- WORK TO COMPLETE
Look through the records below for the line holding "Perkuat Literasi, Bupati". Write it out exactly, with each following line through the line holding "Spitzen-Burlap Moderne Rustikale".
── DATASET RECORDS
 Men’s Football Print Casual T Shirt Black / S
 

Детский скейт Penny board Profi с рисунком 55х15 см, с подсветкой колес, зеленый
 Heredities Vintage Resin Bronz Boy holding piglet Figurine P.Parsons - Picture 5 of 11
────
── DATASET RECORDS
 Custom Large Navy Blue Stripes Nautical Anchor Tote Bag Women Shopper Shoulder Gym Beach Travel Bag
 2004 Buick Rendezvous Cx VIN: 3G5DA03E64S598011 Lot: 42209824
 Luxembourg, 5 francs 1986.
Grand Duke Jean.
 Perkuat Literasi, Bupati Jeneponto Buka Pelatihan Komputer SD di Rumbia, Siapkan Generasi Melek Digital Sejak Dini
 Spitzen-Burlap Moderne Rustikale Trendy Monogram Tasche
────
- FINISHED TASK
 Perkuat Literasi, Bupati Jeneponto Buka Pelatihan Komputer SD di Rumbia, Siapkan Generasi Melek Digital Sejak Dini
 Spitzen-Burlap Moderne Rustikale Trendy Monogram Tasche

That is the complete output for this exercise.